The men poured into the pit yard with Jack Reedy leading them. The pit yard was silent and the offices were closed and the shaft gaped empty like the entrance to a great empty tomb. There was no person underground, no night shift now, not a soul inbye. Even the pit bank seemed deserted, though the safety men were there, the pump-men. The two pump-men were in the engine house behind the locker room; their names were Joe Davis and Hugh Galton. The crowd streamed towards the engine house where Davis and Galton were, and Galton heard them coming first. One of the windows of the engine house was half open to let out the heat and the hot smell of oil, and Galton, an oldish man with a short grey beard, popped his head through the window.
The crowd were around the engine house now, a crowd of one hundred men, their faces all upturned to Galton in the high window of the engine house.
“What is it?” Galton called down.
With his face upturned Jack Reedy said:
“Come out here.
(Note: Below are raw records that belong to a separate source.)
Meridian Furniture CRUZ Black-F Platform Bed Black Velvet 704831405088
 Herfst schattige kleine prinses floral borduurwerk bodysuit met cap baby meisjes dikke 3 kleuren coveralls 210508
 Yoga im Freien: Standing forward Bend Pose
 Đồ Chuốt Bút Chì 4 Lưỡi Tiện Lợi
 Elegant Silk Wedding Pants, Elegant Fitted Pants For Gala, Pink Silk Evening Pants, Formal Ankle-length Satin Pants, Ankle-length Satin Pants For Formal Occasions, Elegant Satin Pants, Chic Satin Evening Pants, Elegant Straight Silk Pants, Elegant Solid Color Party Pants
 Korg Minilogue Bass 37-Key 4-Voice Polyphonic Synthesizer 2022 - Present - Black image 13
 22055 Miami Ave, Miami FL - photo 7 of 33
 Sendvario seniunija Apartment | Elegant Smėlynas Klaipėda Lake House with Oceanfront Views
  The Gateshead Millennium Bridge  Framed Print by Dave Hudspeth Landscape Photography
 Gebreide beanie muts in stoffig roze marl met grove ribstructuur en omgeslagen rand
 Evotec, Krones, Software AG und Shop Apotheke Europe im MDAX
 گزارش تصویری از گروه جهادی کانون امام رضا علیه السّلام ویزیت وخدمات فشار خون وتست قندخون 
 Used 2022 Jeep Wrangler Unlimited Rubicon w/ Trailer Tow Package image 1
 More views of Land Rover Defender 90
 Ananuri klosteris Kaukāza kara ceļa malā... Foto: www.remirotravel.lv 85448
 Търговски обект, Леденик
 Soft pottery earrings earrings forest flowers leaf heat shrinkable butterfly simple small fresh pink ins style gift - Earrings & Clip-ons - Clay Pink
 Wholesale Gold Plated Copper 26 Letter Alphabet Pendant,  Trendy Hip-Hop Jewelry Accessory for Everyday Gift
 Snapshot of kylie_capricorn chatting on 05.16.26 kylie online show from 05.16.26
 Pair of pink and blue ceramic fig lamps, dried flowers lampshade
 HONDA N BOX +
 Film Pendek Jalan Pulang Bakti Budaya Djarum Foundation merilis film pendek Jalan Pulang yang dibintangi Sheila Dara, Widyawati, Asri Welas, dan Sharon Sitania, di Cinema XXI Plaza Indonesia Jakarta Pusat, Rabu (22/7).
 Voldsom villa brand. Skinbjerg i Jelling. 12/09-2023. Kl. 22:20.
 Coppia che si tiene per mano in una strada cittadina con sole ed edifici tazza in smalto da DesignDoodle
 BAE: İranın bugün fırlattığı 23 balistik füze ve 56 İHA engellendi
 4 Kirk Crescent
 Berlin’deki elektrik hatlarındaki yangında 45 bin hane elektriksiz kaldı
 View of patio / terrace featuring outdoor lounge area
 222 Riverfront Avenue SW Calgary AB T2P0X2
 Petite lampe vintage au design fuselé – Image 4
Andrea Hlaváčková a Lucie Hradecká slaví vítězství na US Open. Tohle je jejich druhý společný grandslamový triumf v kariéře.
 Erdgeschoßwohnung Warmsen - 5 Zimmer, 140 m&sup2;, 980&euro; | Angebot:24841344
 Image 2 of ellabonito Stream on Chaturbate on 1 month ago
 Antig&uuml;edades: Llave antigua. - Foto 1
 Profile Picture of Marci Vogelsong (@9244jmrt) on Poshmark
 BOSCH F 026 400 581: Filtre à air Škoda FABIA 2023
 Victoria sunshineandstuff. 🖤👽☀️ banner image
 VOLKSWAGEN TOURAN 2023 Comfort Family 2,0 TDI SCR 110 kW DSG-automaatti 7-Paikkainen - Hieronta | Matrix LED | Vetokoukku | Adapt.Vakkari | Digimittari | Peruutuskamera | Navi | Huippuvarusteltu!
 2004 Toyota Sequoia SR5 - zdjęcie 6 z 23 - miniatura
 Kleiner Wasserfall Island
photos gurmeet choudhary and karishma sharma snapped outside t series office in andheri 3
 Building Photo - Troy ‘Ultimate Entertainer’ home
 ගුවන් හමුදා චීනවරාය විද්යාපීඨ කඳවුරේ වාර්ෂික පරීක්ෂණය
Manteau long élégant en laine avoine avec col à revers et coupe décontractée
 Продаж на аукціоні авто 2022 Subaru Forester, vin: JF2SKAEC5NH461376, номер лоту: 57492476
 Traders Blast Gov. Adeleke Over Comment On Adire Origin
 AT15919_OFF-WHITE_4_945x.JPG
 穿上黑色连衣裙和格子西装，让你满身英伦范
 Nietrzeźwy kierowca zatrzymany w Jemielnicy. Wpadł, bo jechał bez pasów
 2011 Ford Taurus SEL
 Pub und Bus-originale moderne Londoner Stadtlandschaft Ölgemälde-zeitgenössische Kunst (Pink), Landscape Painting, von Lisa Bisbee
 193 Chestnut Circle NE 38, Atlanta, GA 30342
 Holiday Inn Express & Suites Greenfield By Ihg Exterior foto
We want you out here.”
“What for?” Galton said.
Jack repeated in a deadly tone:
“Come out here. Come out and you’ll not get hurt.”
In answer Galton drew his head back and banged down the window shut. There was a pause of about ten seconds filled by the slow thumping of the pumping engines, then Cha Leeming let out a yell and threw a brick. The window shivered, and the sound of shivering glass came above the thumping and thudding of the pumping engines. That did it. Jack Reedy ran up the steps of the engine house and Leeming and a dozen others ran after him. They burst through the door of the engine house.
The engine house was very hot and bright and full of oily heat and vibrating noise.
“What the hell,” Joe Davis said. He was a man of forty in blue dungarees with his sleeves rolled up and a coil of waste wrapped round his neck. He had been cleaning brasses with bath brick and a tin of paraffin.
Jack Reedy looked at Joe Davis from under the peak of his cap. He said rapidly:
“We don’t mean you no harm, none of the two of you. We only want you out. Out, see.”
“I’ll be damned,” Joe Davis said.
Jack came a step forward. He said, carefully watching Joe Davis:
“You’ll get out, see; the men want you out.”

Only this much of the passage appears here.